En Uruguay ni siquiera hay una base legal que obligue a los ministerios a avisar partiendo de criterios técnicos elementales como tirajes o lectorías, y el gobierno, bajo el simplista argumento de reducir un “gasto” que no cuantifica, no calibra, no compara de modo medianamente científico con otros egresos, termina legitimando mecanismos mucho más vidriosos y perversos, como el de la publicidad encubierta bajo el ropaje de periodismo. El viejo y querido publicity ofrecido por el asesor de prensa de turno (por lo general un funcionario de “confianza política” y al que insólitamente se le otorga el poder de manejar fondos publicitarios) para ponderar los grandes logros. Formatos penosos que dependerán del poder de lobby de cada medio o la línea de simpatía discrecional entre los funcionarios y los dueños de las empresas de comunicación.

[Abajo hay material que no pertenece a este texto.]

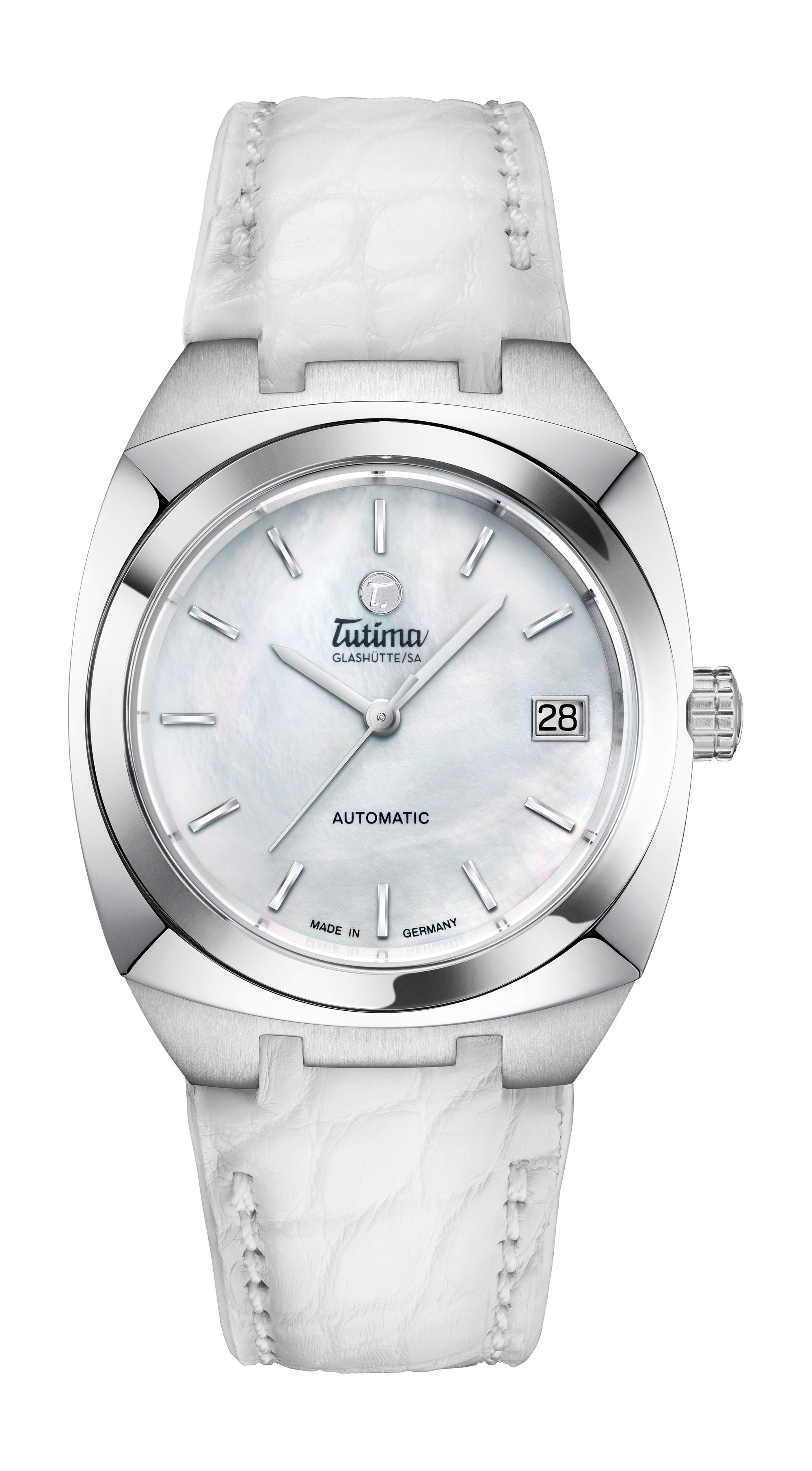Tutima Glashütte Saxon One Lady Automatic watch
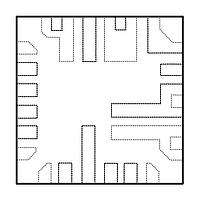 Maxim Integrated MAX77751GEFG+ ການຈັດການແບດເຕີຣີ 14V ຂາວເຂົ້າ, 3A USB ປະເພດ C ຊາຣຈເອັດໂນມັດ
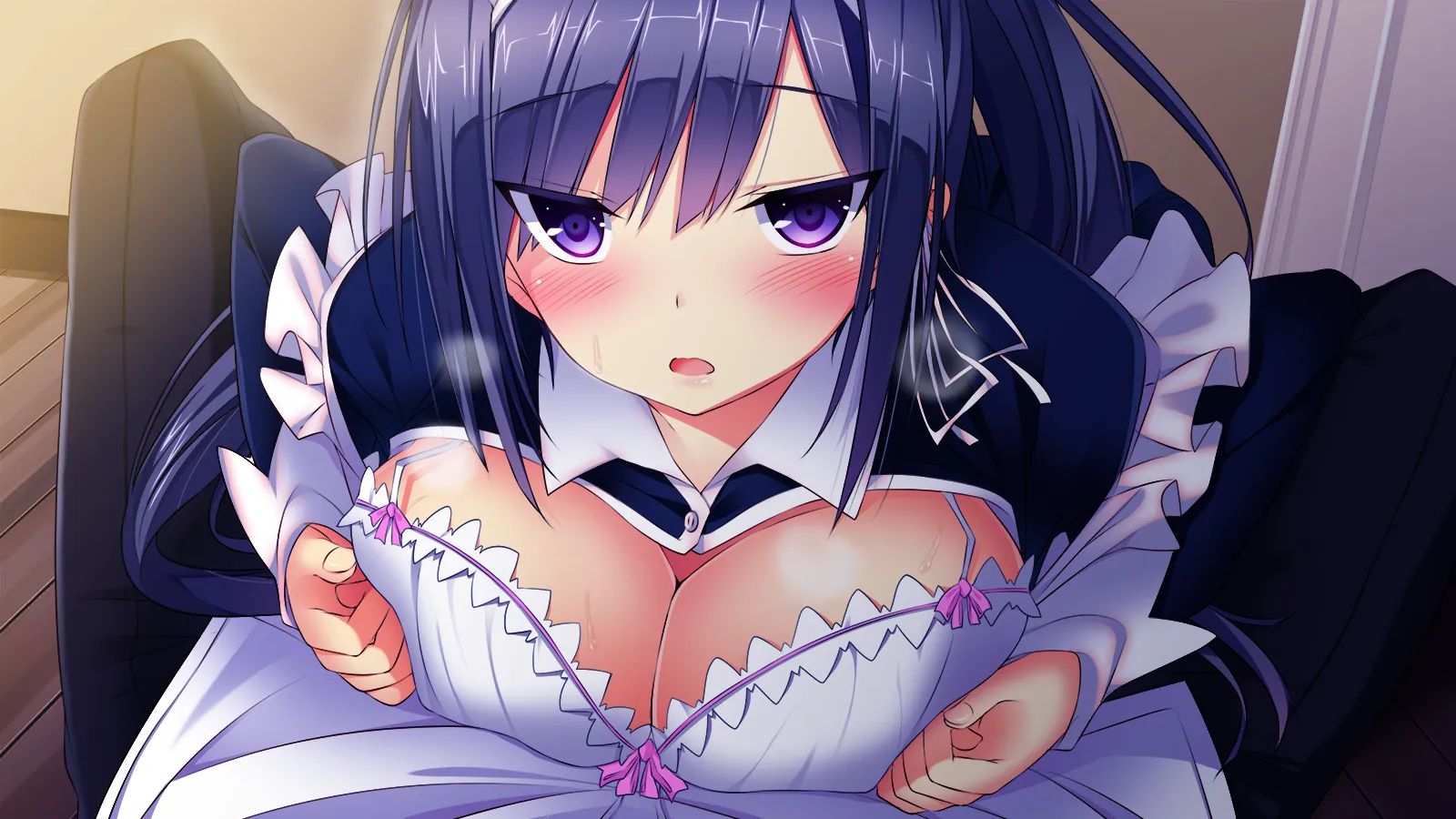 图片[2]-主人~请脱下我的女仆装（PC端） | 羽翼社-羽翼社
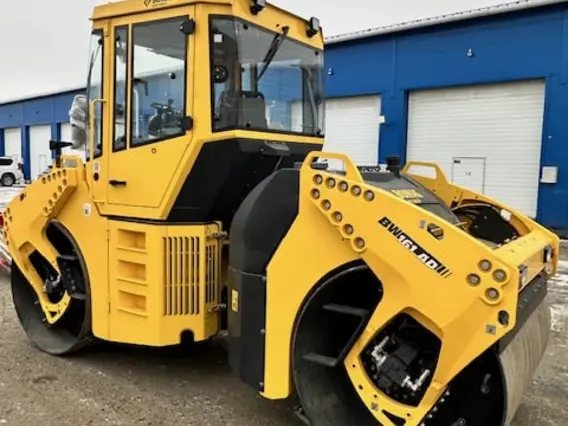 Дорожный каток Дорожный каток BOMAG BW 161 AD 2022 года новый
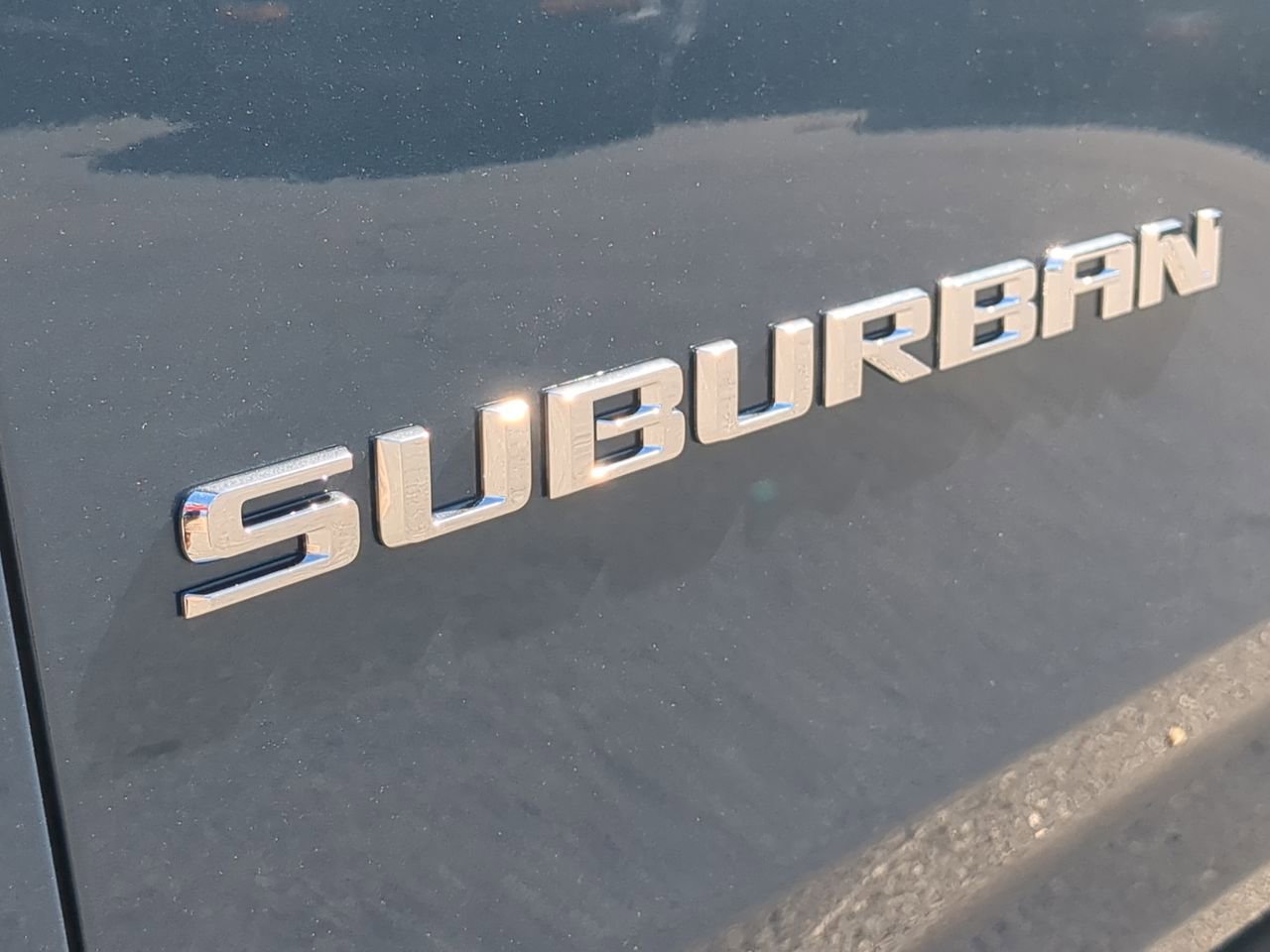 New 2026 Chevrolet Suburban Premier image 33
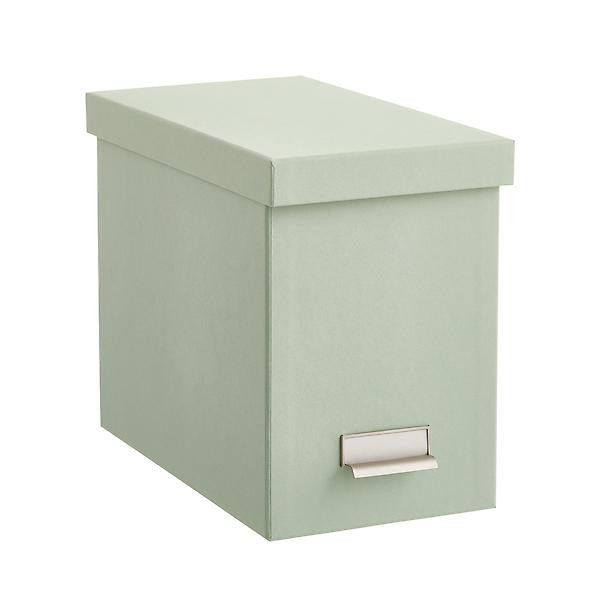 Bigso Stockholm Desktop File | The Container Store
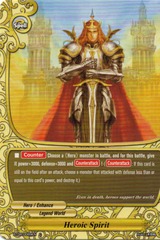 Heroic Spirit - BT04/0089 - C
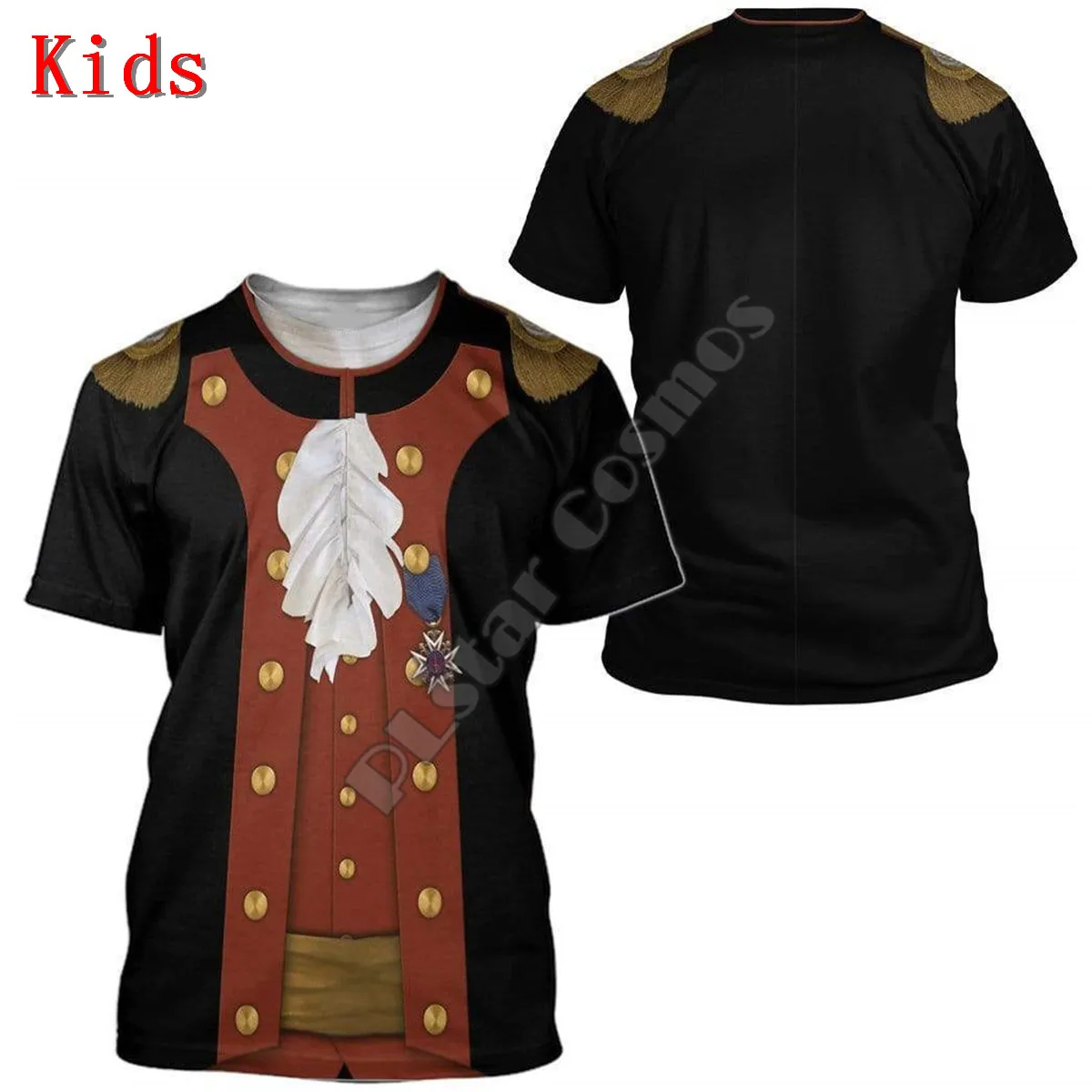 

John paul jones 3D Printed Hoodies Kids Pullover Sweatshirt Tracksuit Jacket T Shirts Boy Girl Cosplay apparel 02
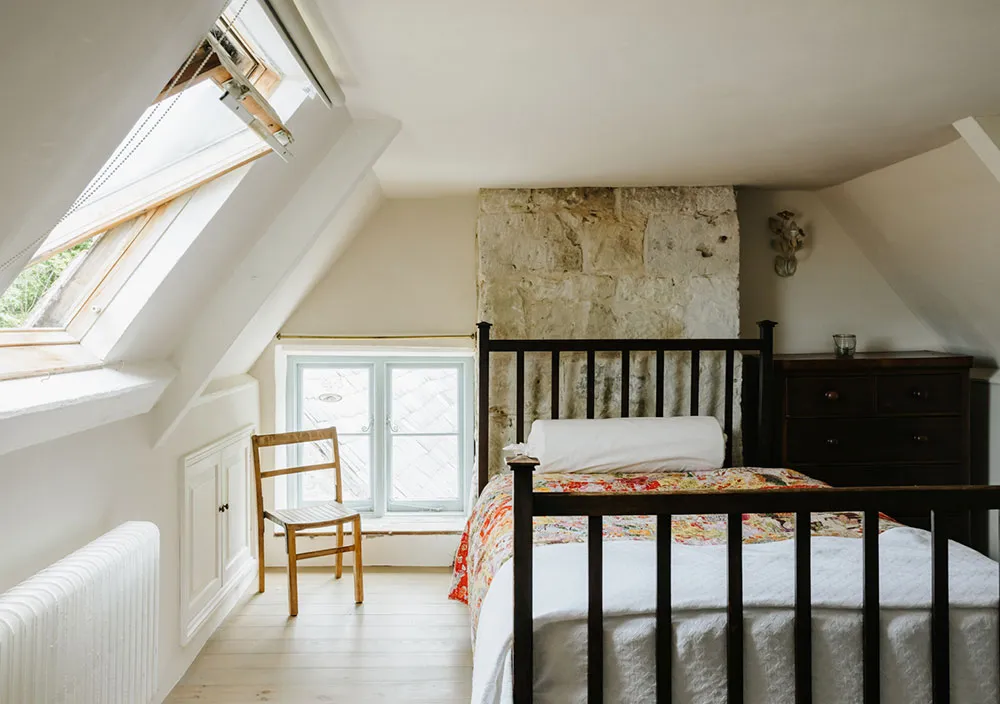 Gotten Manor: przytulny dworek w Anglii z średniowiecznym dziedzictwem - Gallery image 21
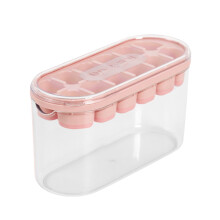 Moule à glaçons en silicone alimentaire pour chocolat (1 pièce)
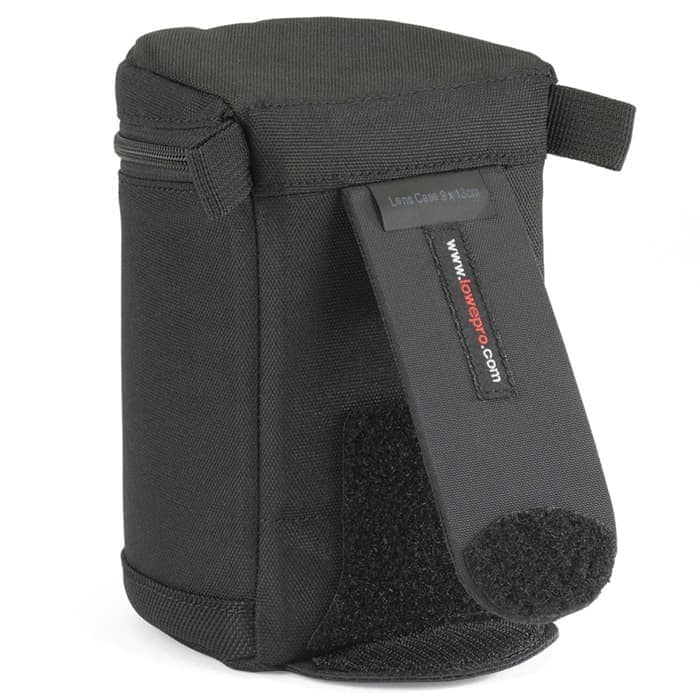 新品)Lowepro (ロープロ) レンズケース 9x13cm（商品ID：0056035373176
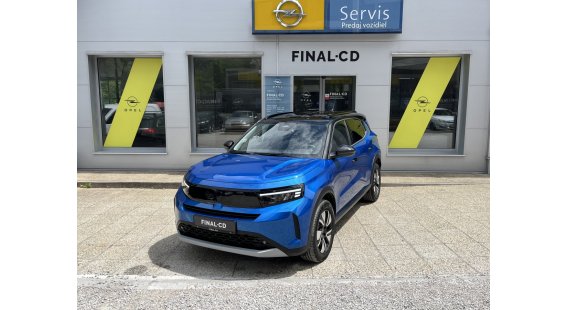 Opel Frontera 1.2 Hybrid GS 107 kW mHEV eDCT6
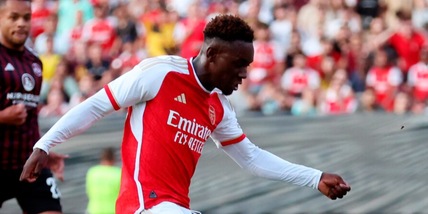 "Balogun al Monaco, accordo con l'Arsenal": l'indiscrezione dalla Francia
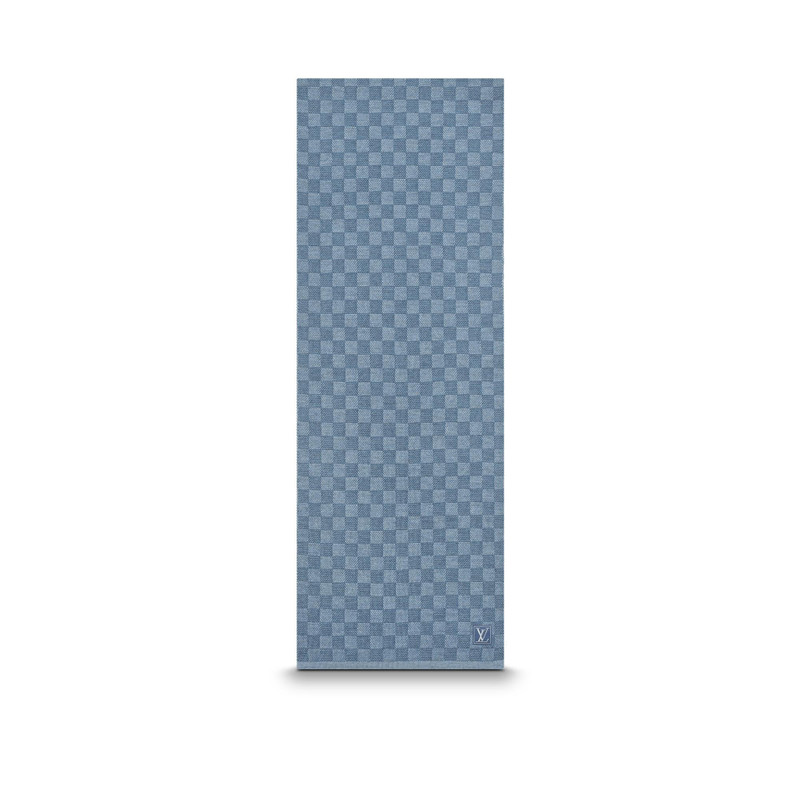 Petit Damier Scarf 3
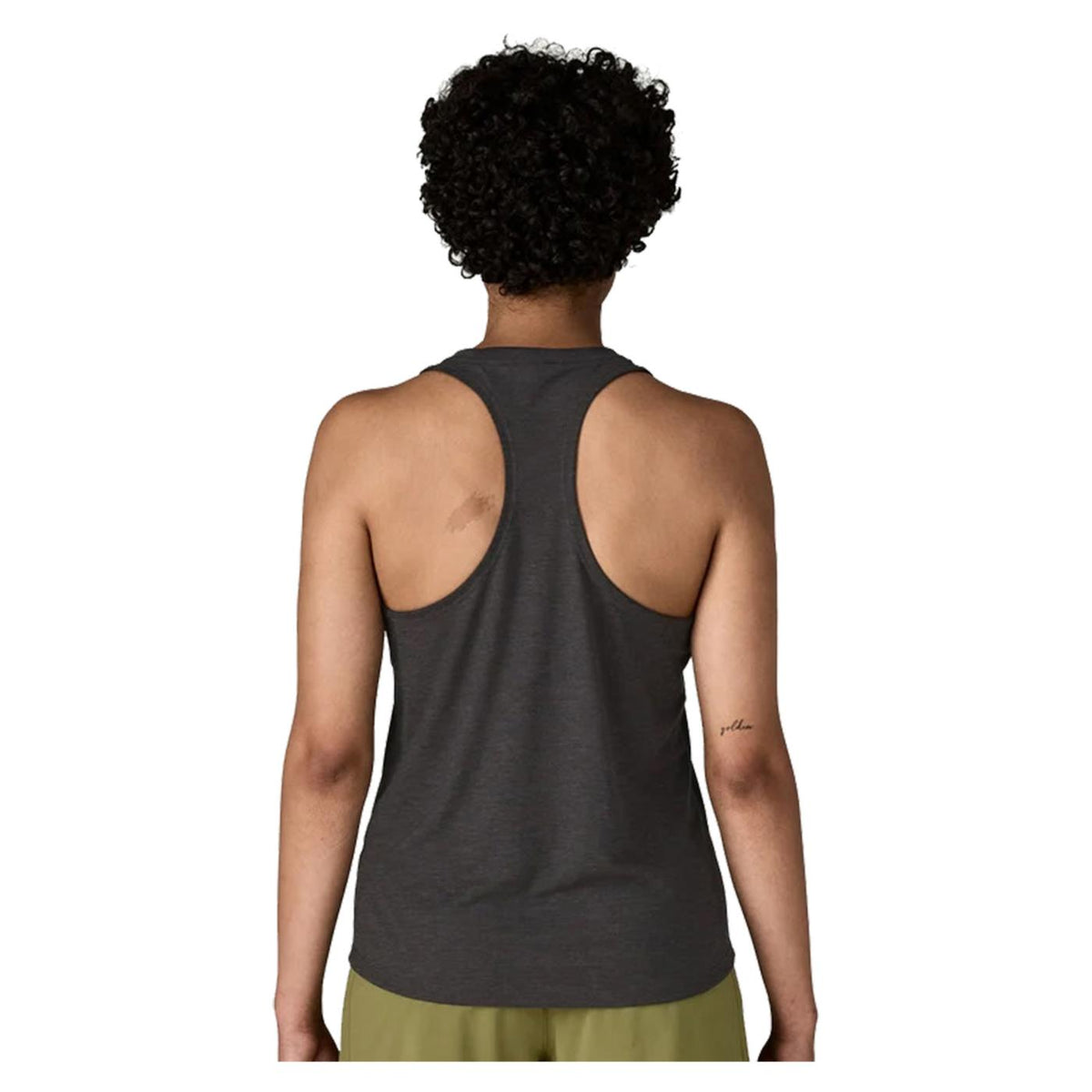 PATAGONIA WOMAN CAP COOL TRAIL TANK - seconda immagine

Las restricciones de trazo grueso son especialmente perjudiciales para los medios de menor porte económico, porfiados en el periodismo independiente. Aquellos que por ser menos amigables con el empresariado no sólo se enfrentan a un menor acceso a la publicidad privada, sino que están más expuestos a la mano invisible de los funcionarios de gobierno criticados. En un país donde el Estado subsidia al turf con 10 millones de dólares anuales porque es una “pasión”, parece un atrevimiento pretender que los gobernantes dediquen su valioso tiempo a comprender la función social que en una democracia tienen el periodismo, y también, por qué no, los medios que no tienen patrón ni están sujetos a ningún poder externo. Ya lo decía el “Gordo” Guillermo: la independencia de la prensa no es sinónimo de desinterés.